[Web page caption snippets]
+-------+

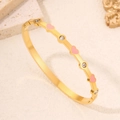 Bracelet en acier titane doré avec émail cœur rose et cristaux étincelants - Or Rose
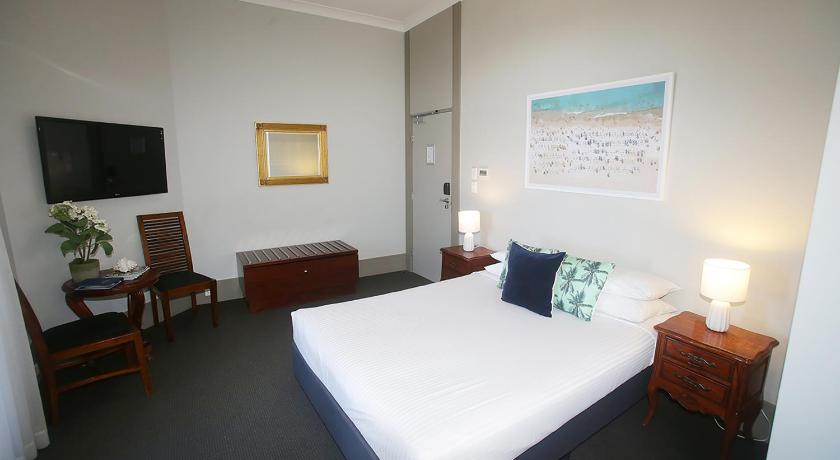 Image of Standard Ocean View Room with Queen Bed and Balcony 5
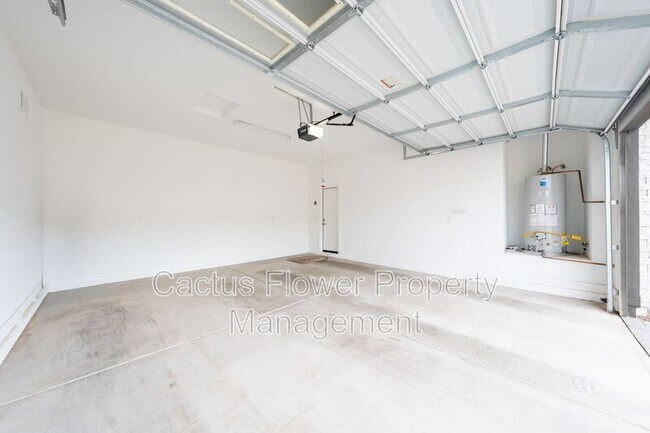 Building Photo - 3130 E Alicia Dr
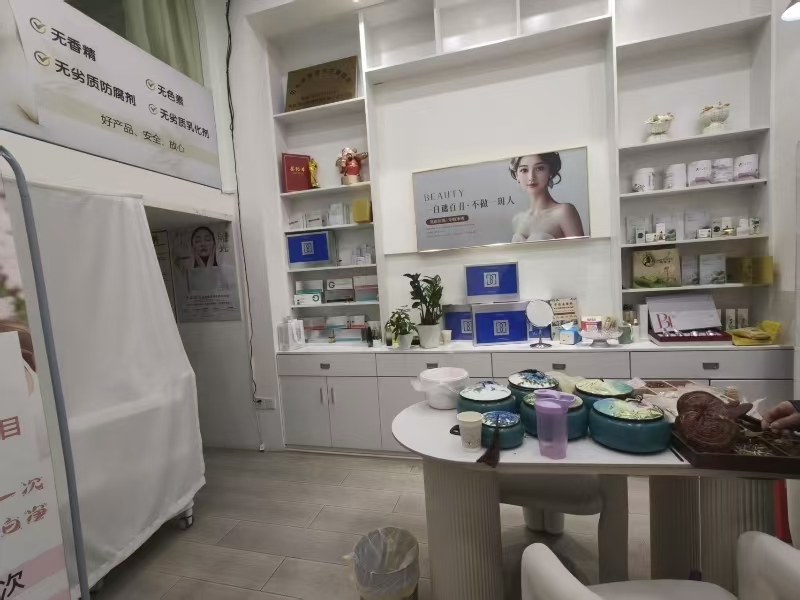 好运转(俏因子美容店)桐乡银菊路美容美甲店转让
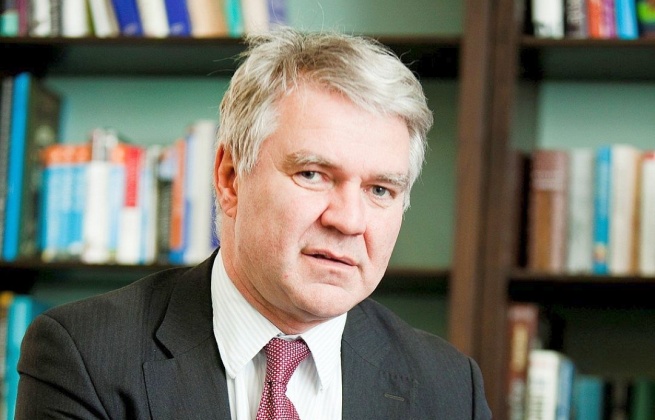 Guy Baker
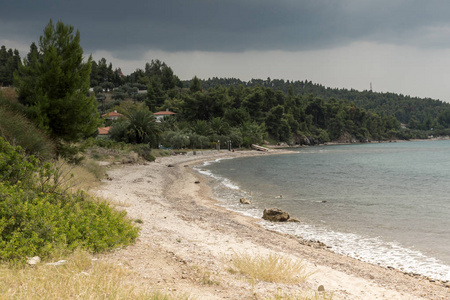 Litheri 海滩上遮阳伞和半岛，Chalkidiki，中央马其顿的全景视图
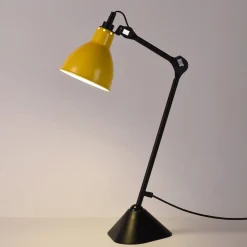 Lámpara de mesa articulada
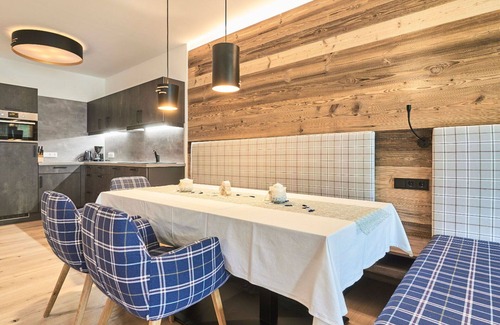 Soelden Apartment | Cosy apartment for 4 guests with WIFI, TV, balcony and pets allowed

+-------+

[ASSIGNMENT] Restate the records word for word and drop the images.

[EXPECTED OUTPUT]
 Bracelet en acier titane doré avec émail cœur rose et cristaux étincelants - Or Rose
 Image of Standard Ocean View Room with Queen Bed and Balcony 5
 Building Photo - 3130 E Alicia Dr
 好运转(俏因子美容店)桐乡银菊路美容美甲店转让
 Guy Baker
 Litheri 海滩上遮阳伞和半岛，Chalkidiki，中央马其顿的全景视图
 Lámpara de mesa articulada
 Soelden Apartment | Cosy apartment for 4 guests with WIFI, TV, balcony and pets allowed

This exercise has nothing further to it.